4. Sample code for an authentication server to issue a token
import java.security.PrivateKey;
import org.jose4j.json.JsonUtil;
import org.jose4j.jwk.RsaJsonWebKey;
import org.jose4j.jwk.RsaJwkGenerator;
import org.jose4j.jws.AlgorithmIdentifiers;
import org.jose4j.jws.JsonWebSignature;
import org.jose4j.jwt.JwtClaims;
import org.jose4j.jwt.NumericDate;
import org.jose4j.lang.JoseException;
public class GenerateJwtDemo {
public static void main(String[] args) throws JoseException {
// Use the value of the keyId parameter that you specified when you configured basic information for the authorization API operation.
String keyId = "uniq_key";
// Use the key pair generated in the "Generate a JWK pair" section.
String privateKeyJson = "{\n"
+ " \"kty\": \"RSA\",\n"
+ " \"d\": "
+
"\"O9MJSOgcjjiVMNJ4jmBAh0mRHF_TlaVva70Imghtlgwxl8BLfcf1S8ueN1PD7xV6Cnq8YenSKsfiNOhC6yZ_fjW1syn5raWfj68eR7cjHWjLOvKjwVY33GBPNOvspNhVAFzeqfWneRTBbga53Agb6jjN0SUcZdJgnelzz5JNdOGaLzhacjH6YPJKpbuzCQYPkWtoZHDqWTzCSb4mJ3n0NRTsWy7Pm8LwG_Fd3pACl7JIY38IanPQDLoighFfo-Lriv5z3IdlhwbPnx0tk9sBwQBTRdZ8JkqqYkxUiB06phwr7mAnKEpQJ6HvhZBQ1cCnYZ_nIlrX9-I7qomrlE1UoQ\",\n"
+ " \"e\": \"AQAB\",\n"
+ " \"kid\": \"myJwtKey\",\n"
+ " \"alg\": \"RS256\",\n"
+ " \"n\": \"vCuB8MgwPZfziMSytEbBoOEwxsG7XI3MaVMoocziP4SjzU4IuWuE_DodbOHQwb_thUru57_Efe"
+
"--sfATHEa0Odv5ny3QbByqsvjyeHk6ZE4mSAV9BsHYa6GWAgEZtnDceeeDc0y76utXK2XHhC1Pysi2KG8KAzqDa099Yh7s31AyoueoMnrYTmWfEyDsQL_OAIiwgXakkS5U8QyXmWicCwXntDzkIMh8MjfPskesyli0XQD1AmCXVV3h2Opm1Amx0ggSOOiINUR5YRD6mKo49_cN-nrJWjtwSouqDdxHYP-4c7epuTcdS6kQHiQERBd1ejdpAxV4c0t0FHF7MOy9kw\"\n"
+ "}";
JwtClaims claims = new JwtClaims();
claims.setGeneratedJwtId();
claims.setIssuedAtToNow();
// The validity period is required and must be less than seven days.
NumericDate date = NumericDate.now();
date.addSeconds(120*60);
claims.setExpirationTime(date);
claims.setNotBeforeMinutesInThePast(1);
claims.setSubject("YOUR_SUBJECT");
claims.setAudience("YOUR_AUDIENCE");
// Add custom parameters.

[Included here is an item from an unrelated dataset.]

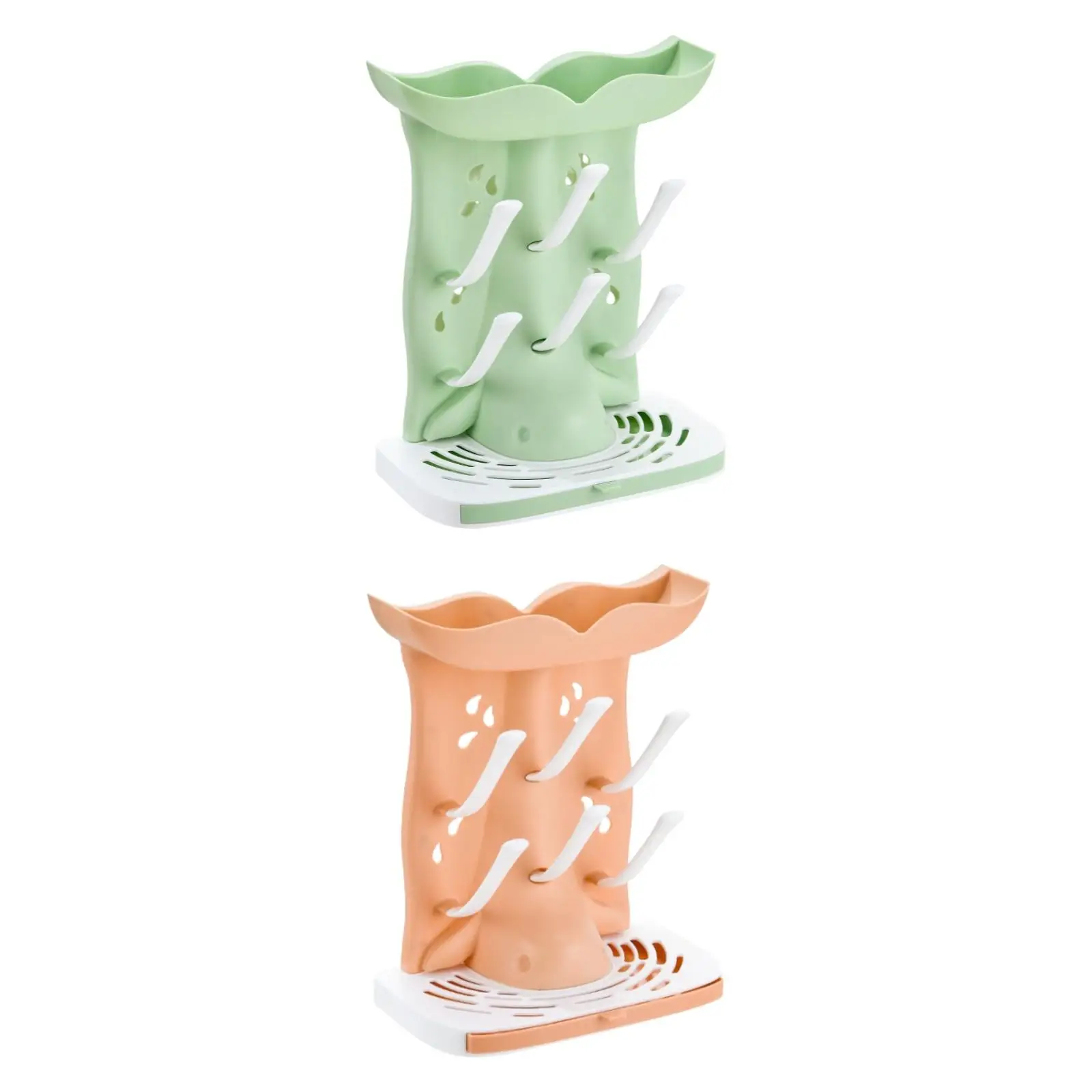 Tendedero para biberones, 6 ganchos, encimera, fácil de limpiar, soporte para pezones multifuncional portátil, accesorios para bebés con bandeja de goteo - imagen 3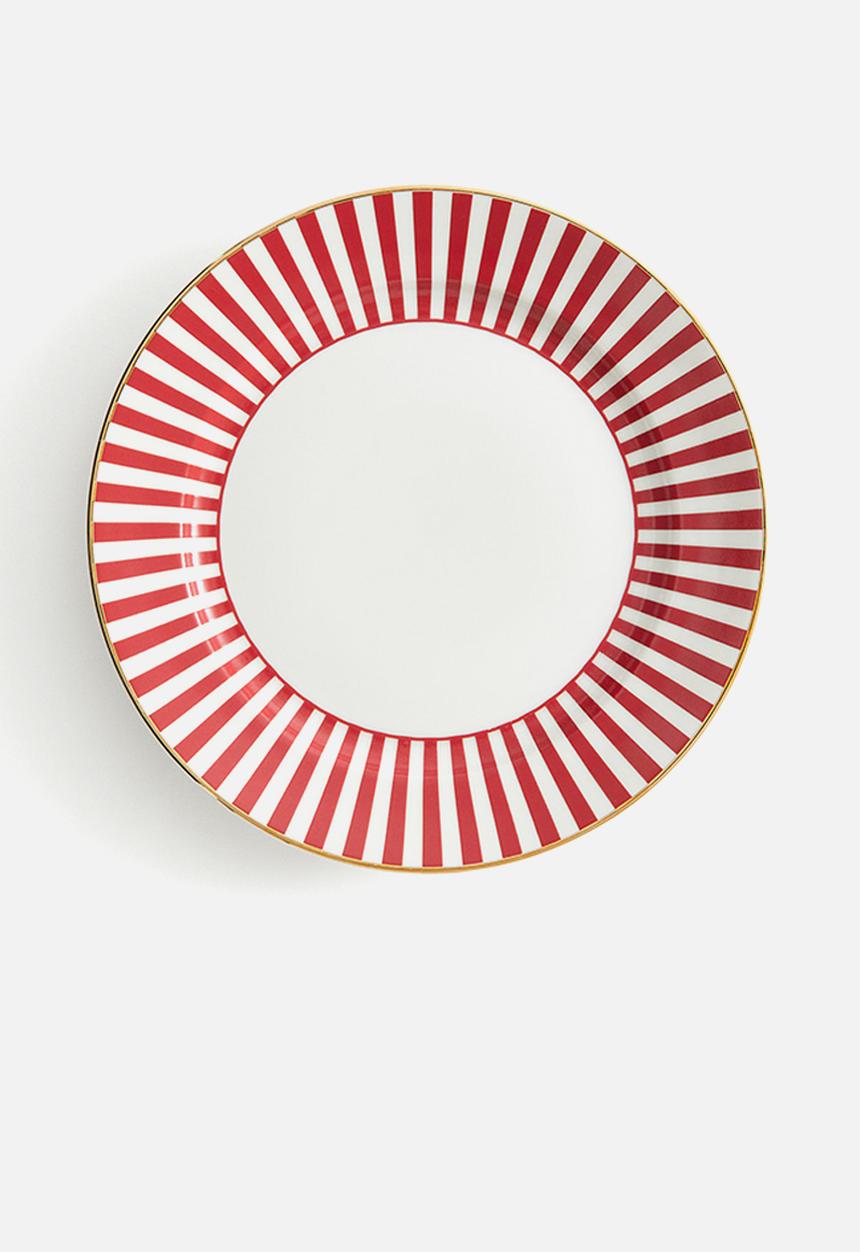 H&M - Porcelain medium plate - red & striped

All parameter values must be of the STRING type.
claims.setClaim("userId", "1213234");
claims.setClaim("email", "userEm***@youapp.com");
JsonWebSignature jws = new JsonWebSignature();
jws.setAlgorithmHeaderValue(AlgorithmIdentifiers.RSA_USING_SHA256);
// The KeyIdHeaderValue parameter is required.

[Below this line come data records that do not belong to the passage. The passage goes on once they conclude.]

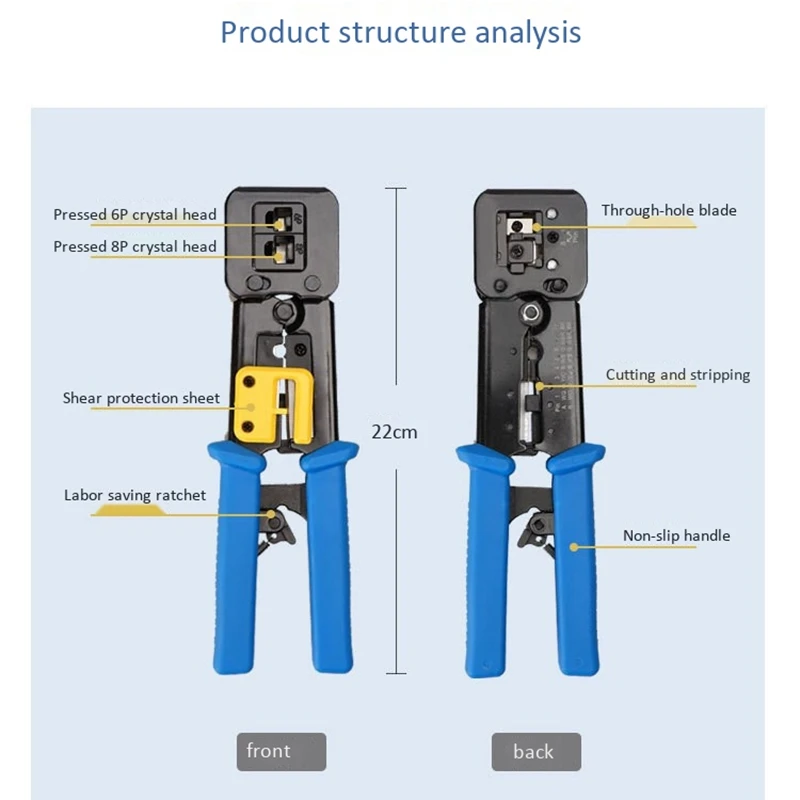RJ45 обжимной инструмент для ремонта сети инструменты проходят через Cat5 Cat5E Cat6
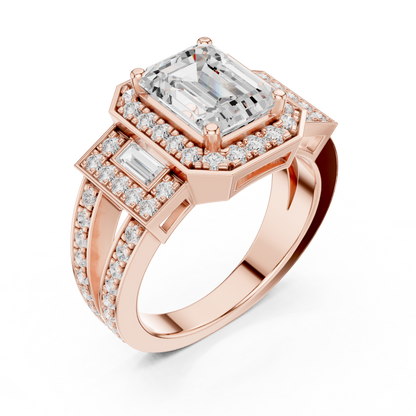 Mixed Shape Lab Grown Diamond Halo Ring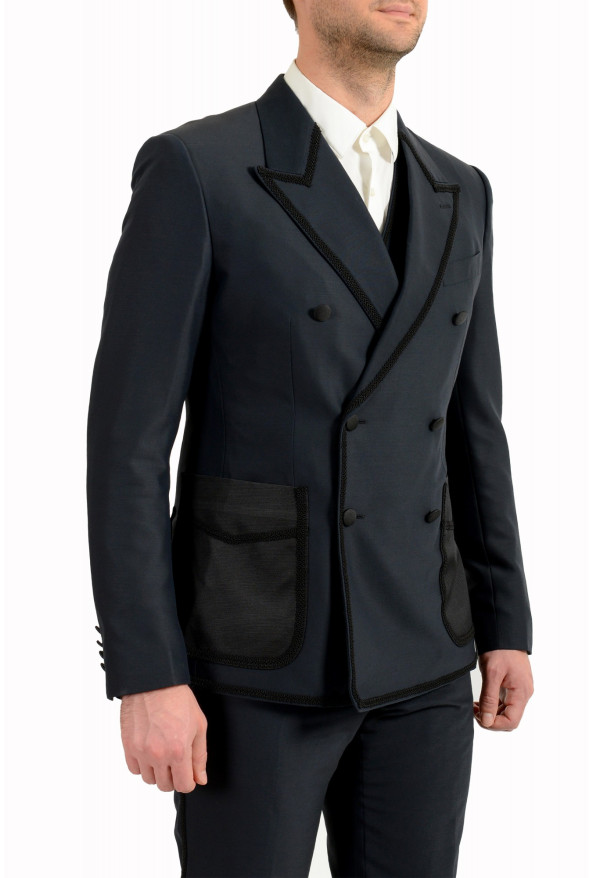 Dolce & Gabbana Men's "Sicila" Blue Wool Silk Double Breasted Three Piece Suit: Picture 5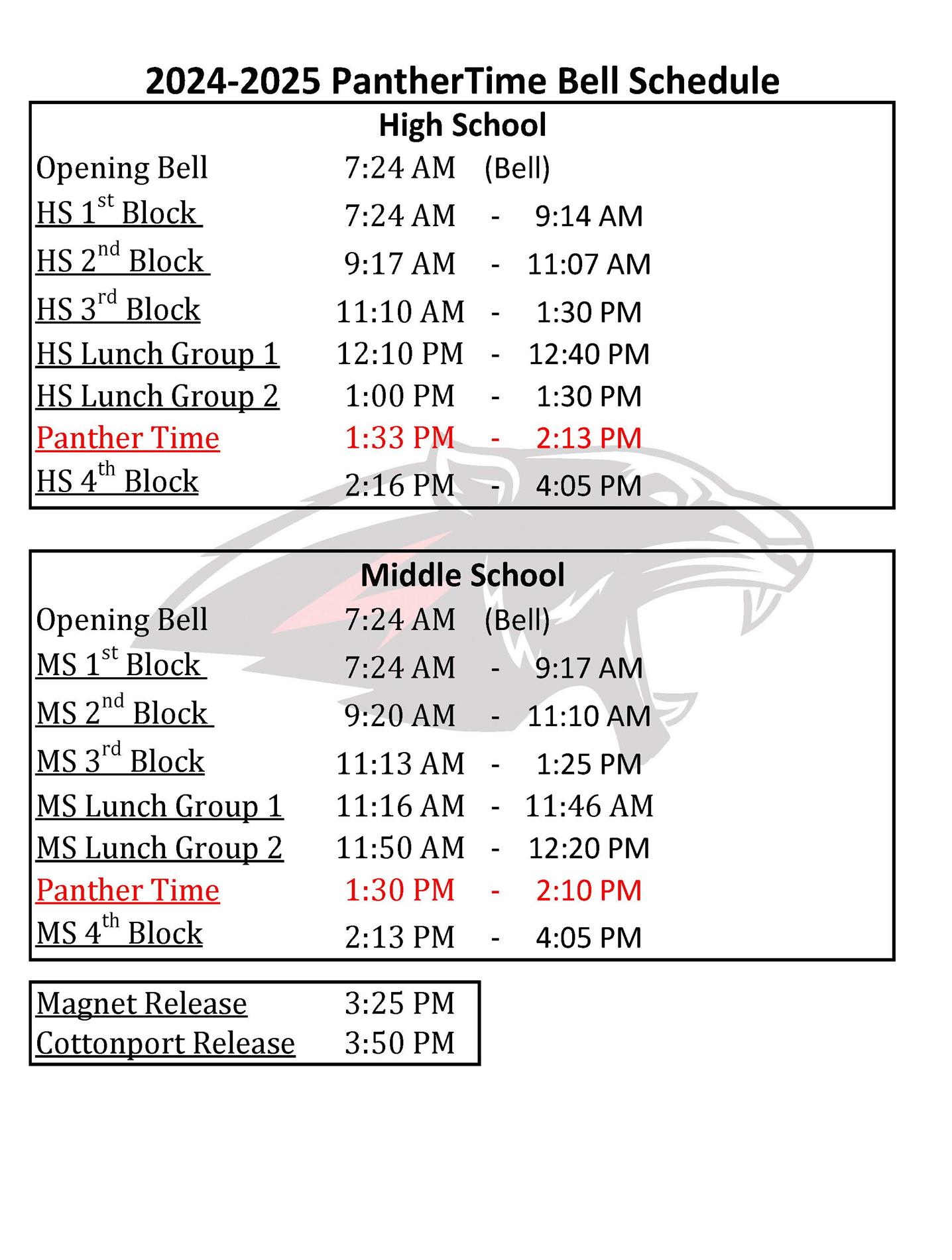 2023-2024 PantherTime Bell Schedule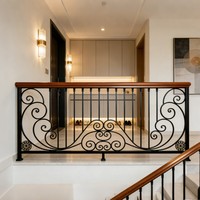Rampe d'escalier en fer, garde-corps en bois massif, auto-décoratif, simple et moderne, pour intérieur, balcon, baie vitrée, grenier, clôture, fixation au sol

jws.setKeyIdHeaderValue(keyId);
jws.setPayload(claims.toJson());
PrivateKey privateKey = new RsaJsonWebKey(JsonUtil.parseJson(privateKeyJson)).getPrivateKey();
jws.setKey(privateKey);
String jwtResult = jws.getCompactSerialization();
System.out.println("Generate Json Web token , result is " + jwtResult);
}
}
Take note of the following items:
The value of the keyId parameter must be unique in API Gateway. You must keep the following values consistent for the keyId parameter:
The value of the keyId parameter that is specified in the "Generate a JWK pair" section.
The value of the keyId parameter that you specified when you configure basic information for the authorization API operation.

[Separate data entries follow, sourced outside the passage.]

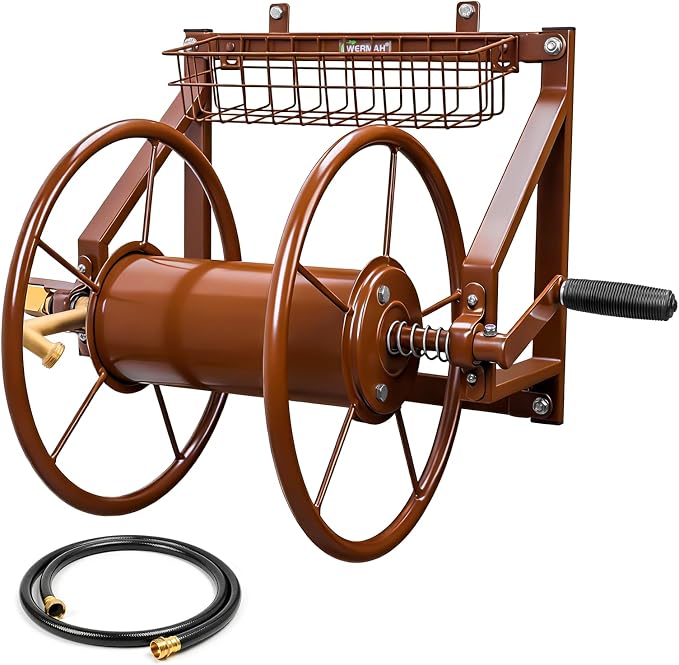 Wall Mount Garden Hose Reel, Heavy Duty Metal Holds 155ft 5/8" Hose | Solid Brass Fittings, No Leaks, Rust-resistant. Space-saving Wall Mount for Outside, Lawn, Yard.Easy Install & Rolls Smoothly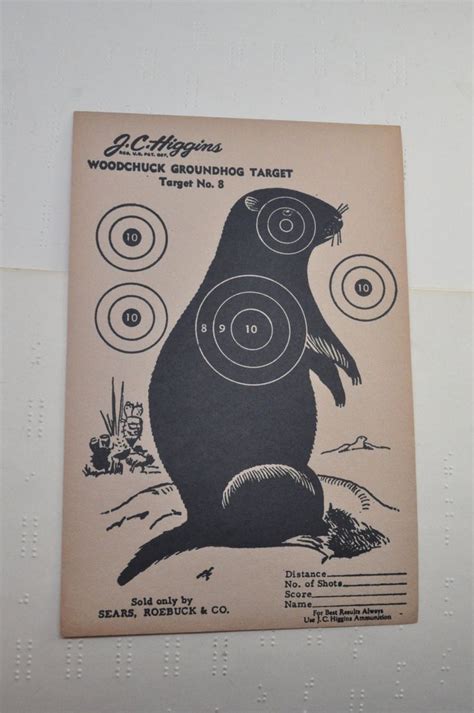 Vintage J C Higgins Woodchuck Groundhog Target Paper Target Etsy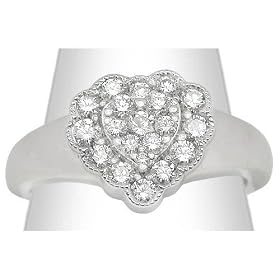 14K White Gold Diamond Heart Ring - 0.75 Ct.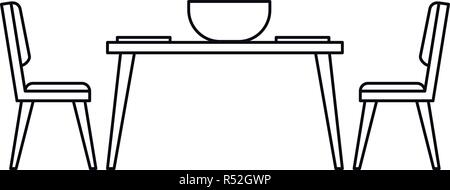 Table et chaise de cuisine icône. Contours illustration de table et chaise de cuisine icône vecteur pour la conception web isolé sur fond blanc Illustration de Vecteur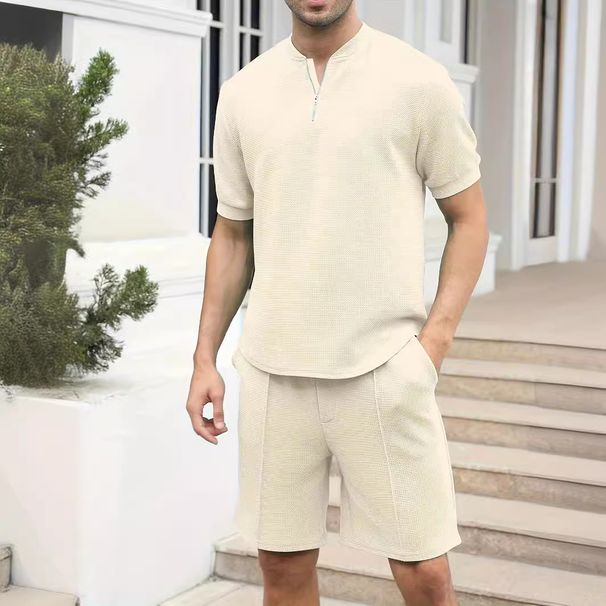 Men's Clothing Waffle Stand Collar Solid Color Zipper Short Sleeve Long Pants Suit_viptrois.com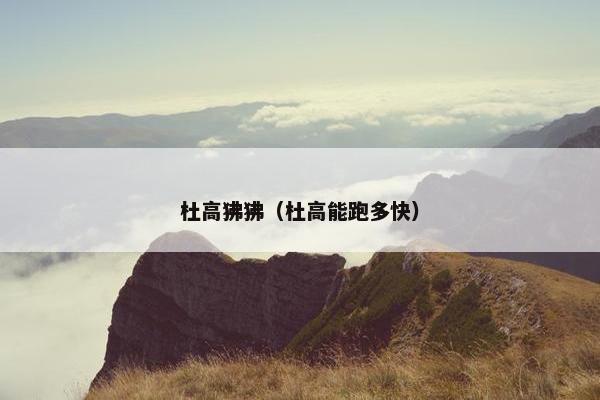 杜高狒狒（杜高能跑多快）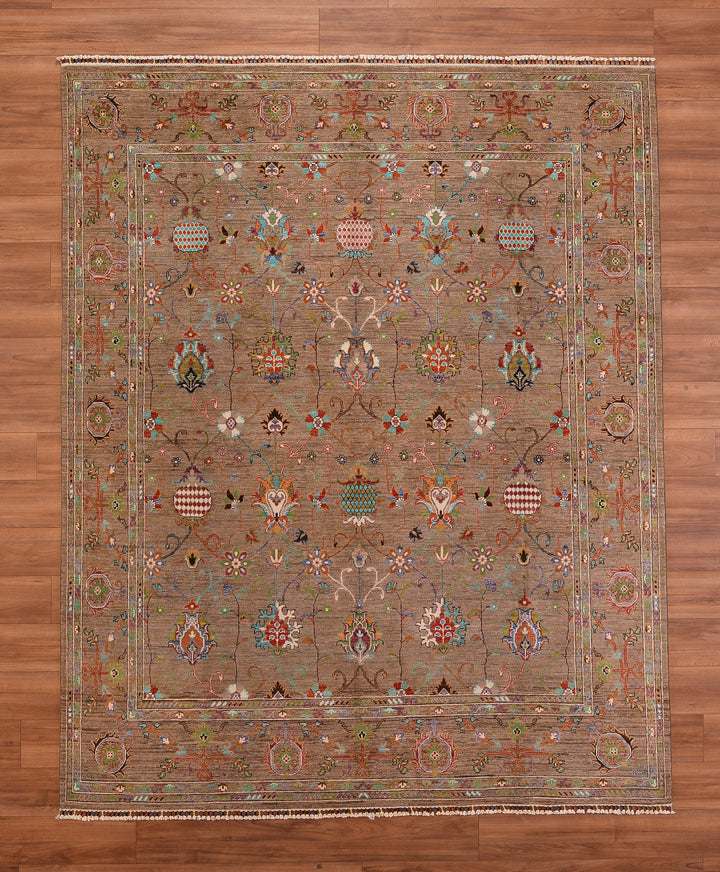 Sultani Binbirgece Original Hand Woven Brown Vegetable Dyed Wool Carpet 246x301 7.40 Square Meters - 8x10 ft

The value of the keyId parameter that is specified in code, which is the value of the KeyIdHeaderValue parameter in the JsonWebSignature object. The KeyIdHeaderValue parameter is required.
You must set privateKeyJson to the
Keypair
JSON string that is generated by using method 1 orthe
privateKeyString
JSON string that is generated by using method 2 in the "Generate a JWK pair" section.The validity period is required and must be less than seven days.
When you add custom parameters, all parameter values must be of the STRING type.